Pause: I re-read what I have just written, four sentences that accurately reflect my perception of what’s going on these days. But they are merely accurate, and that suggests that they are not close to adequate; the truth is orders of magnitude harsher than my sober statements suggest. It is not in the least surprising to me that among my friends there are those who are preparing their sackcloth and ashes for the day after the votes have been counted. These elections seem especially fateful, signaling both the abrupt end of what was to have been a new age and the beginning of a time of genuine revanchism — that is, revenge, or the recovery of lost territory.

That is perhaps an overheated way to think about what may be coming. But considering that among the candidates for the House there are 63 who have formally pledged to oppose abortion even in the case of rape or incest (and six more among the leading non-incumbent candidates for the Senate) — not merely opposed to federal dollars being used to pay for such abortions, but opposed to their legality at all — and considering, more generally, the coalescence of a significant class of candidates who support repeal of the recently passed health care reforms, who oppose the new regulation of the financial industry, favor the privatization of Social Security, think the science that undergirds global warming is “fraudulent,” who, in short, approach government with contempt — considering all that, if the fears are overheated, it’s not by much.

The wonder here is not that there are so many candidates such as those I have described; the wonder is that there is so much popular support for such candidates. It is one thing to share in the distemper of the times. It is another to endorse policies that just yesterday had seemed to be rotting on the junk-pile of history, policies that breathe new life into the comatose culture wars. Who are these people, these fellow citizens? Truth is, neither I nor any of my friends “gets” them. I understand the nefarious Koch brothers, the avaricious hedge fund managers, all those for whom greed is their underlying motive. (Go see the new documentary, “Inside Job.”) But the jobless, the foreclosed, the suddenly downwardly mobile? Why do they align with the profiteers — or, to use a classical word that’s back in vogue, the oligarchs?

The wealthiest one percent of Americans receive roughly a quarter of all income. And the wealthiest one-tenth of one percent collect roughly the same income as the entire lower-earning half of the population (some 66 million households). Since such records have been kept, the income differential in America has never been greater than it is today.
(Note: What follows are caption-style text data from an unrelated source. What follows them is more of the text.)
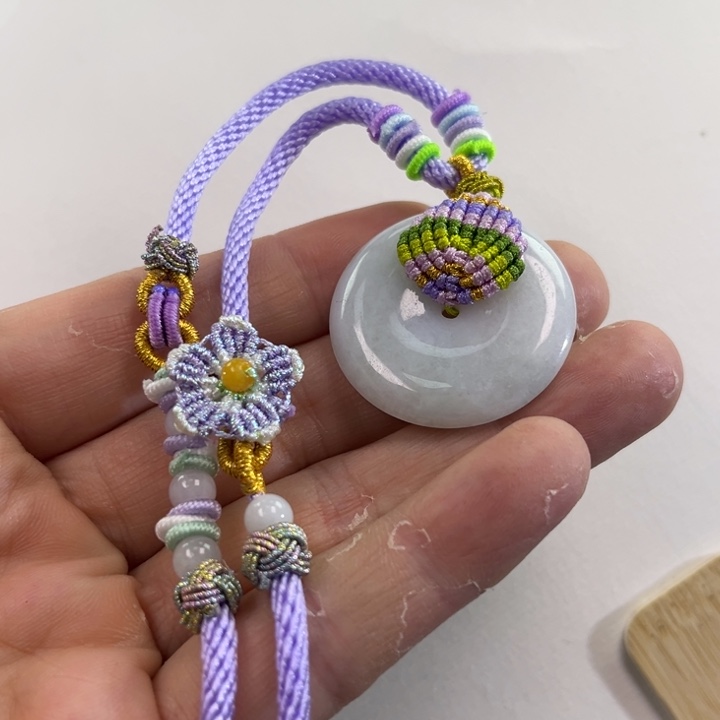 翡翠吊坠(赠链)未镶嵌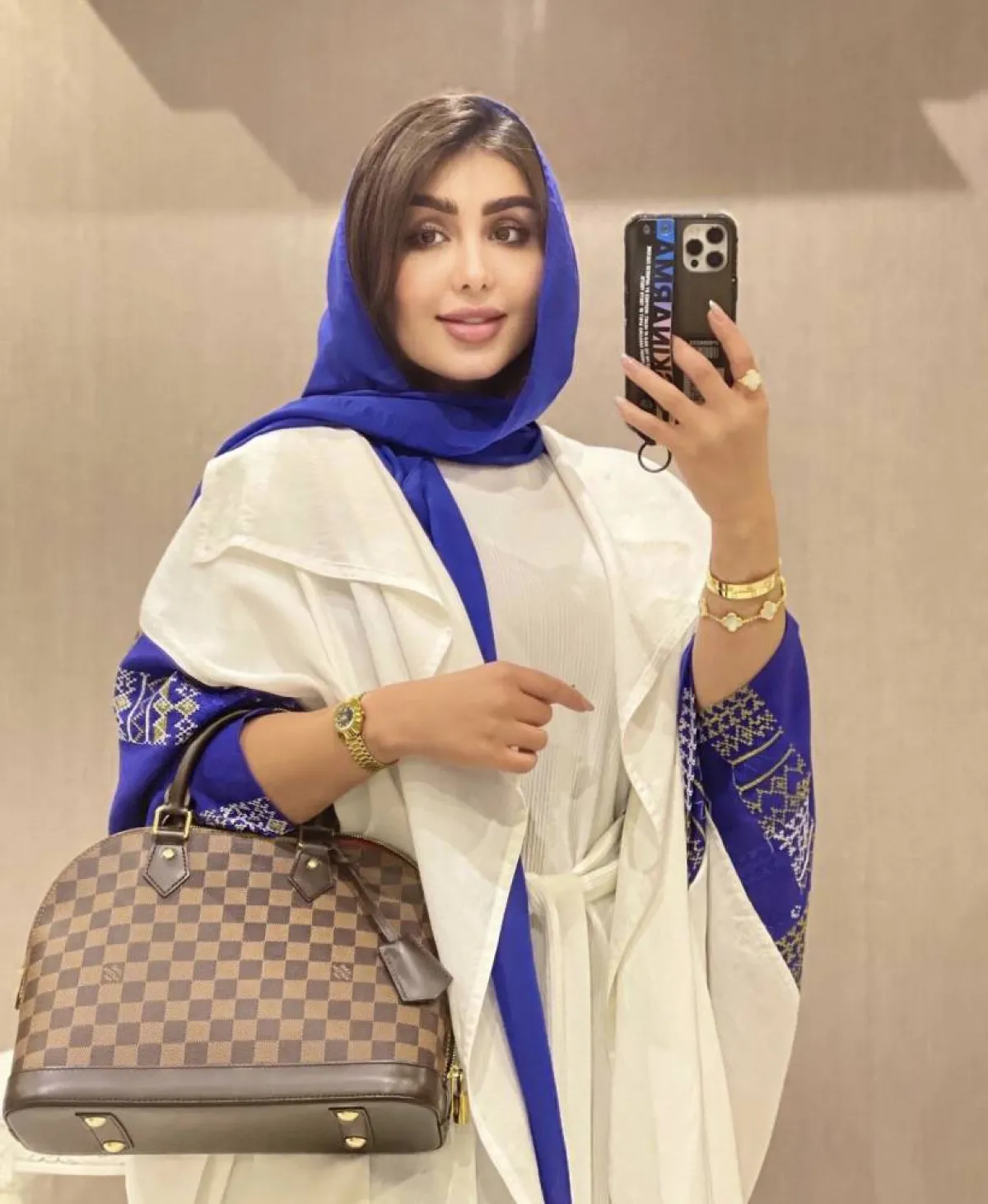 عباية البشت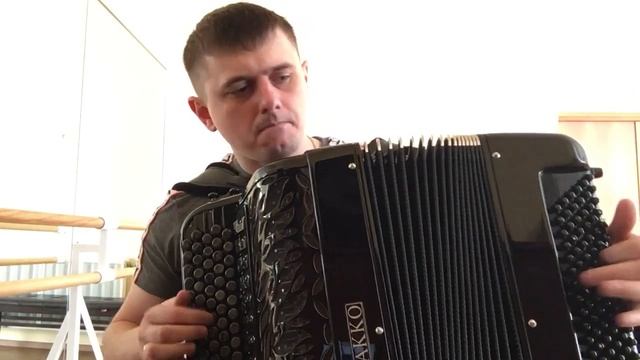 Виртуозное исполнение на баяне пьесы “Indefference” Tony Murena. Баянист-виртуоз Иван Адыбаев. смотреть онлайн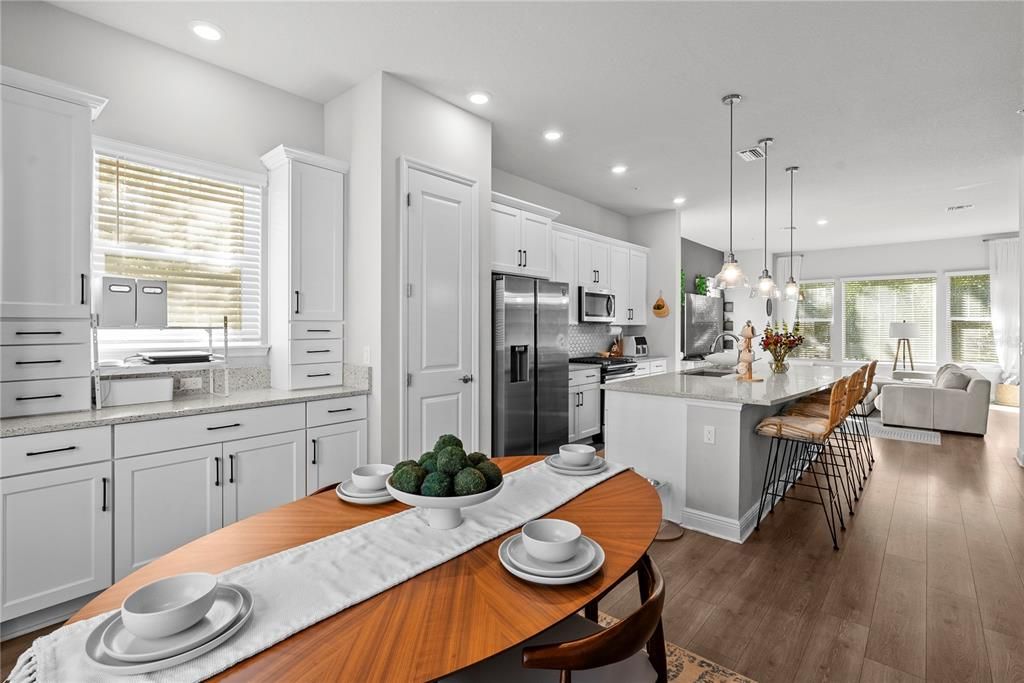 На продажу: $775,000 (3 спален, 3 ванн, 1936 Квадратных фут)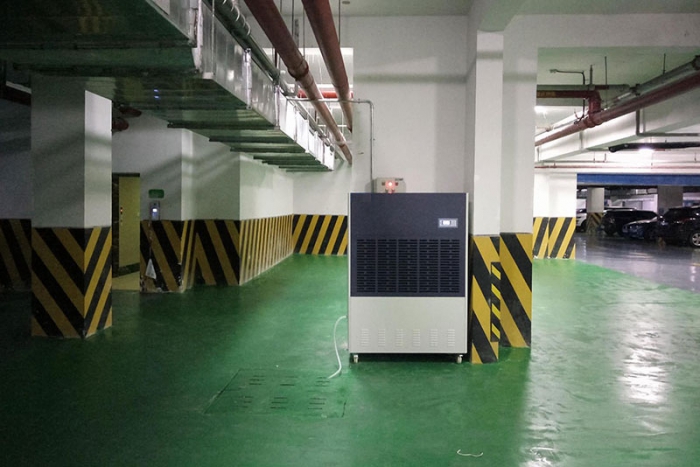 為什么企業(yè)倉庫都選擇環(huán)科除濕機？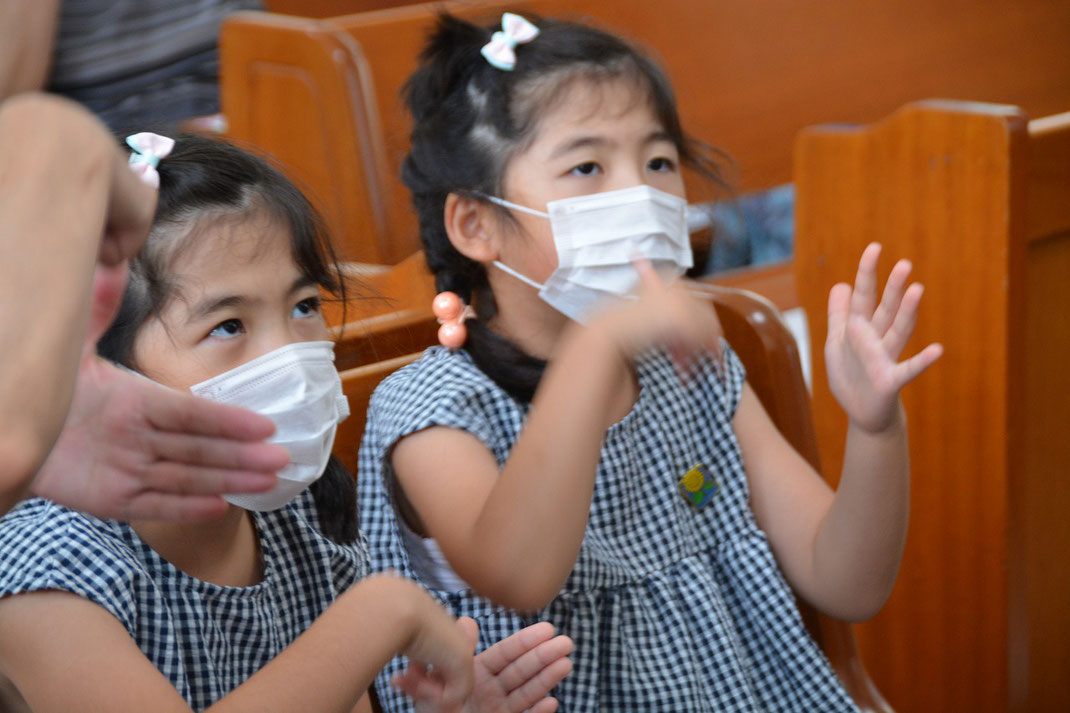 2023年7月30日　小学校に入学して以来久しぶりに来会の双子ちゃん。身長が数ヶ月で5㎝伸びたのでは！と感じるほどでした。手話賛美に集中の場面です。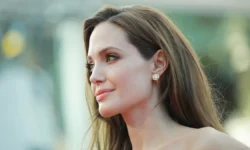 Анджелина Джоли высказалась о судьбе Дмитрия на фоне событий в Украине andzhelina dzholi vyskazalas o sudbe dmitriya na fone sobytij v ukraine-fabrec-ru-0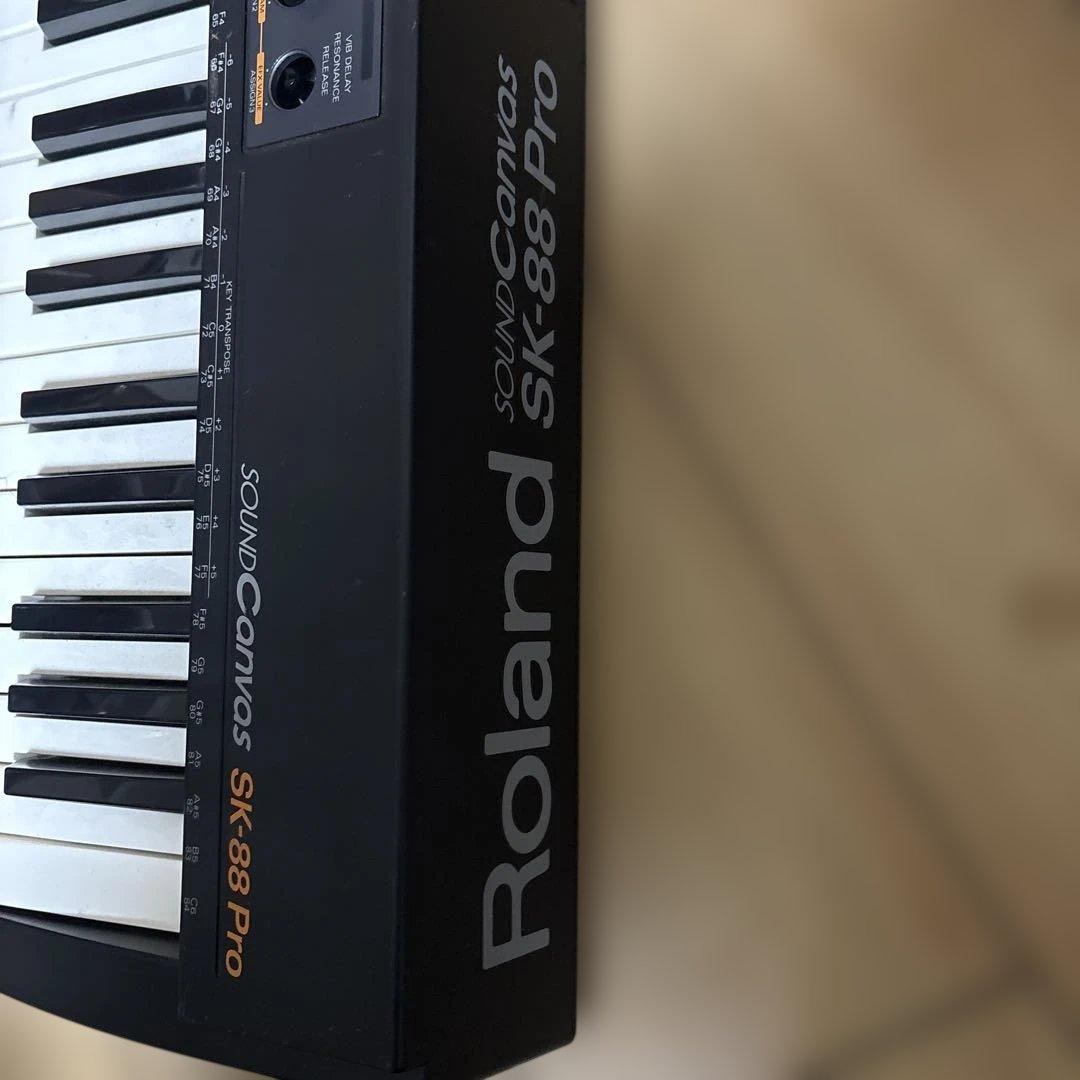Roland SK-88 Pro 88鍵盤シンセサイザー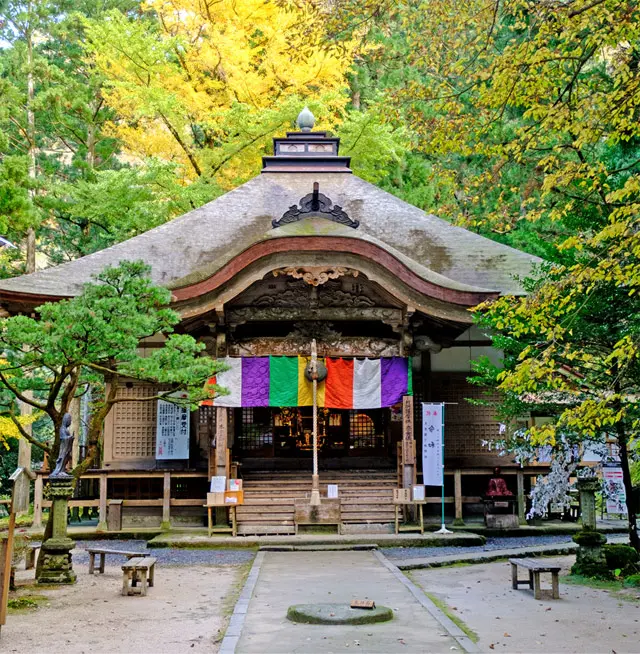三徳山三佛寺投入堂｜断崖絶壁に建つ国宝のお堂｜鳥取県三朝町｜出雲
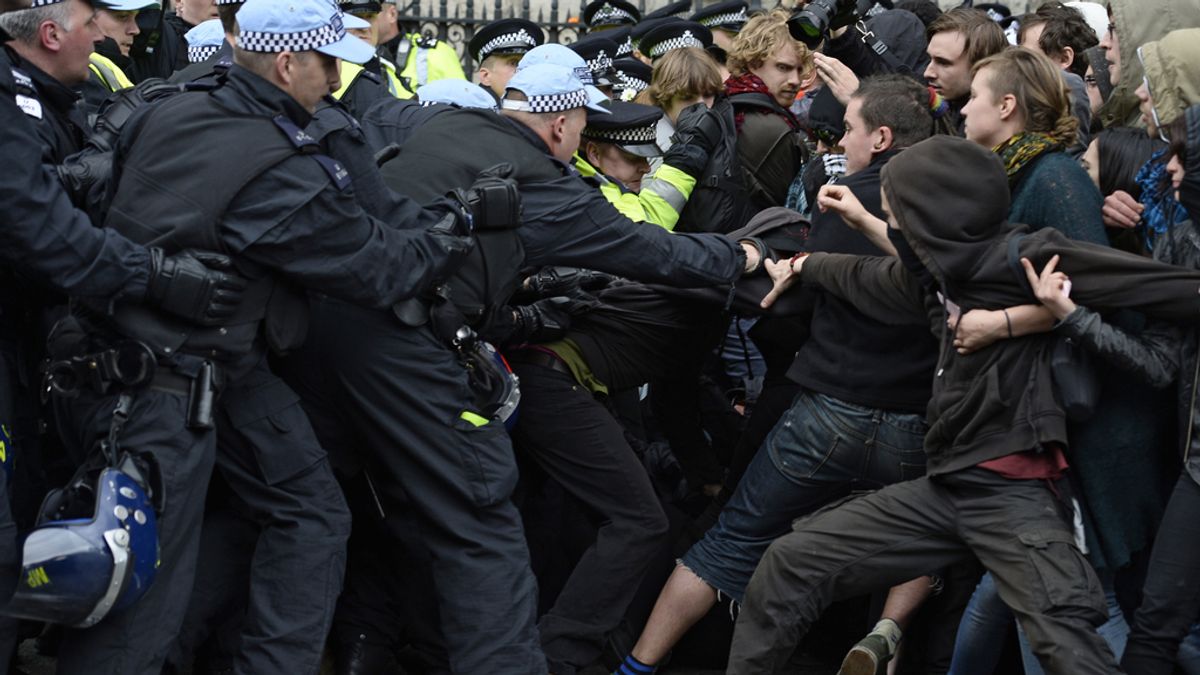 Detenidos 31 antifascistas durante una concentración antiislámica en Londres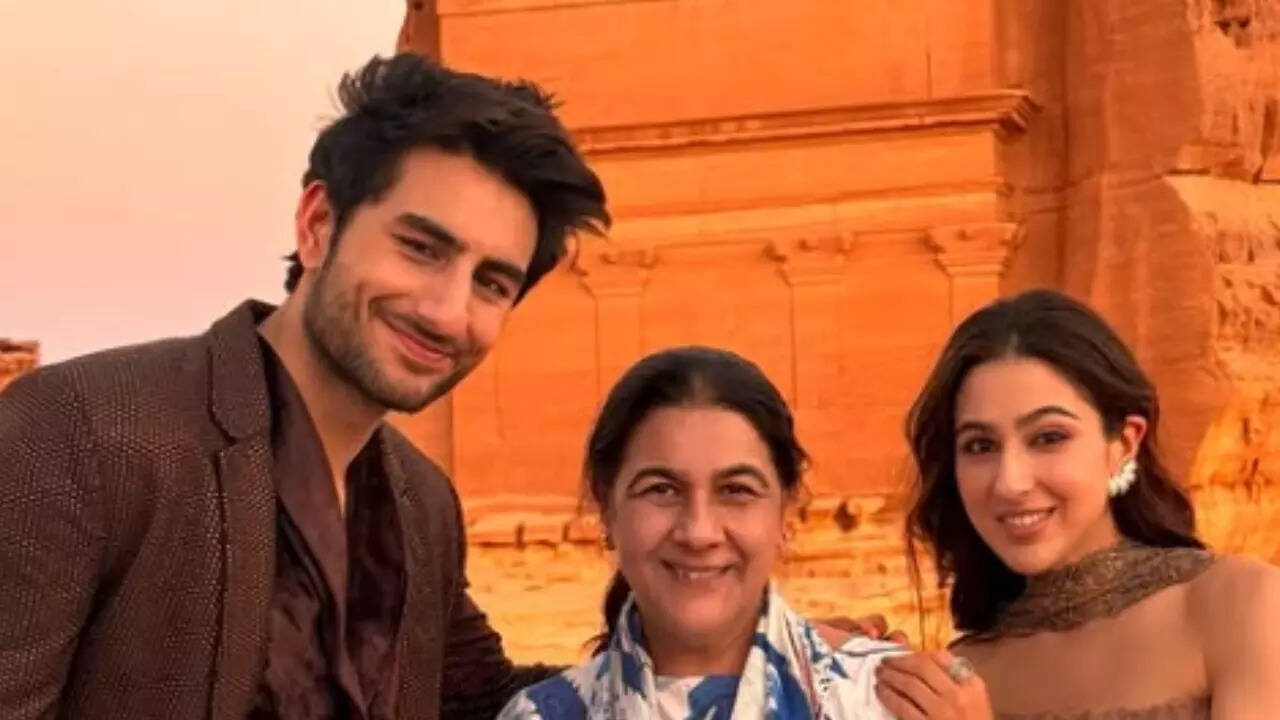 Sara celebrates 'mommy jaan' Amrita's 68th birthday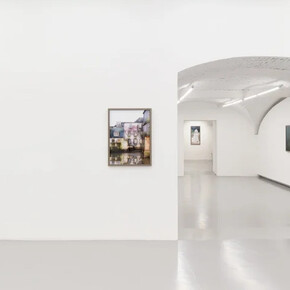 Silvia Camporesi, Uno strappo nel cielo di carta, veduta della mostra. Cortesia di z2o Sara Zanin Gallery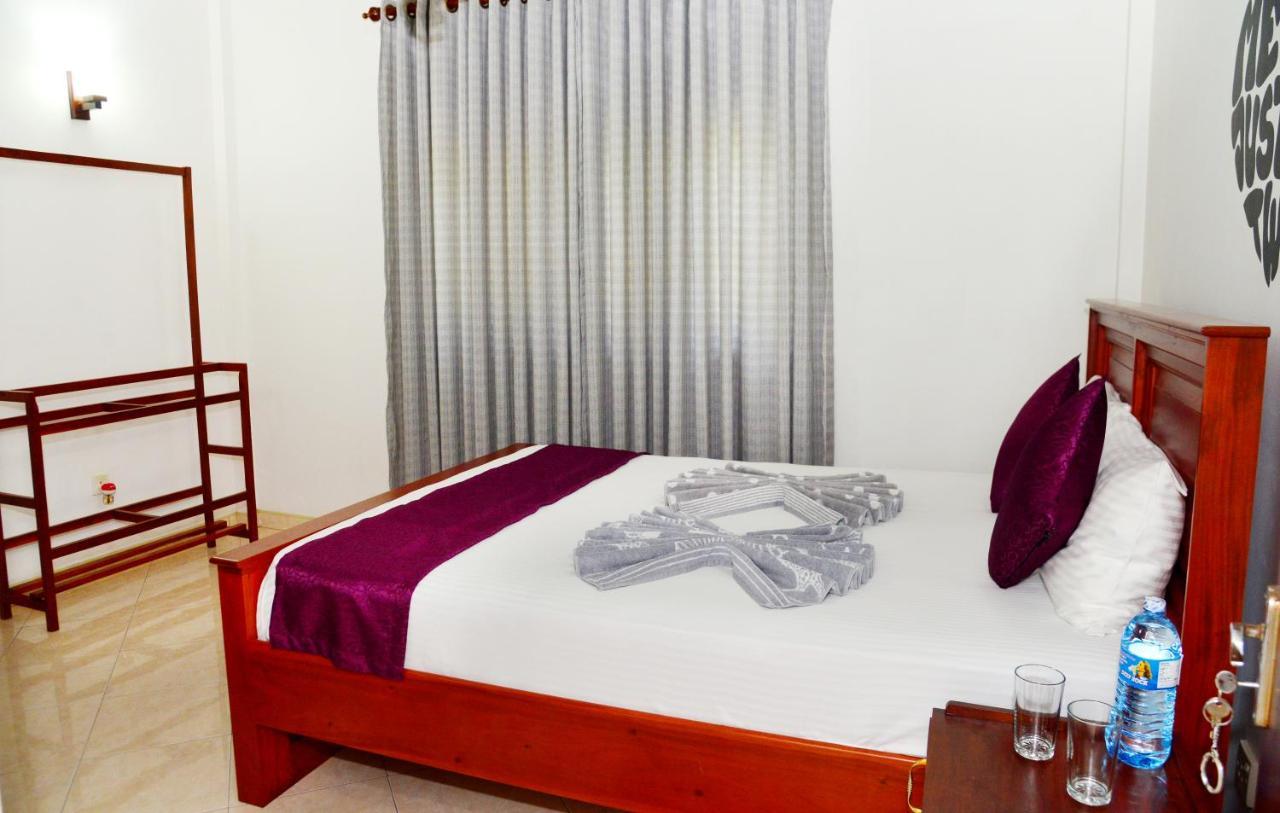 Cinnamon Holiday Inn Hikkaduwa Esterno foto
Are these not circumstances one might expect to generate class conflict?

But this is America, and we don’t know from class warfare per se, or even class consciousness, haven’t known about them since the heyday of union organizing in the early decades of the 20th century. These days, the only Americans who demonstrate class consciousness — most for ill, some for good (as George Soros, Warren Buffet and Bill Gates show) — are the very rich.

Although Republicans seem to be the major beneficiaries of this curious and distinctively American phenomenon, the leaders of the Democratic Party are hardly innocent bystanders. It is impossible to estimate what part of their collusion with, say, Goldman Sachs, derives from their need to raise campaign funds in ever larger amounts, itself a recipe for scandal, and how large a part is played by their own easy identification with the culture of power. The disposition of Democrats to empathy for those who have been left out or locked out of the American dream, for whom that dream now feels no more attainable than a winning lottery ticket, is genuine. But for too many of them, that disposition shares the agenda with other habits and temptations that point in quite different directions.

Once, it was possible in the face of political calamity to say, “Well, at least there’s the Supreme Court to hold the line on liberal democracy.” But since Bush v. Gore, that bastion has crumpled.

The fat lady has yet to sing, most of us have yet to vote and life is full of surprises. But, once the voting’s done, whichever way it goes, we’d do well to seek and find ways to enter into dialogue with those who see the world and nation we share so differently from us.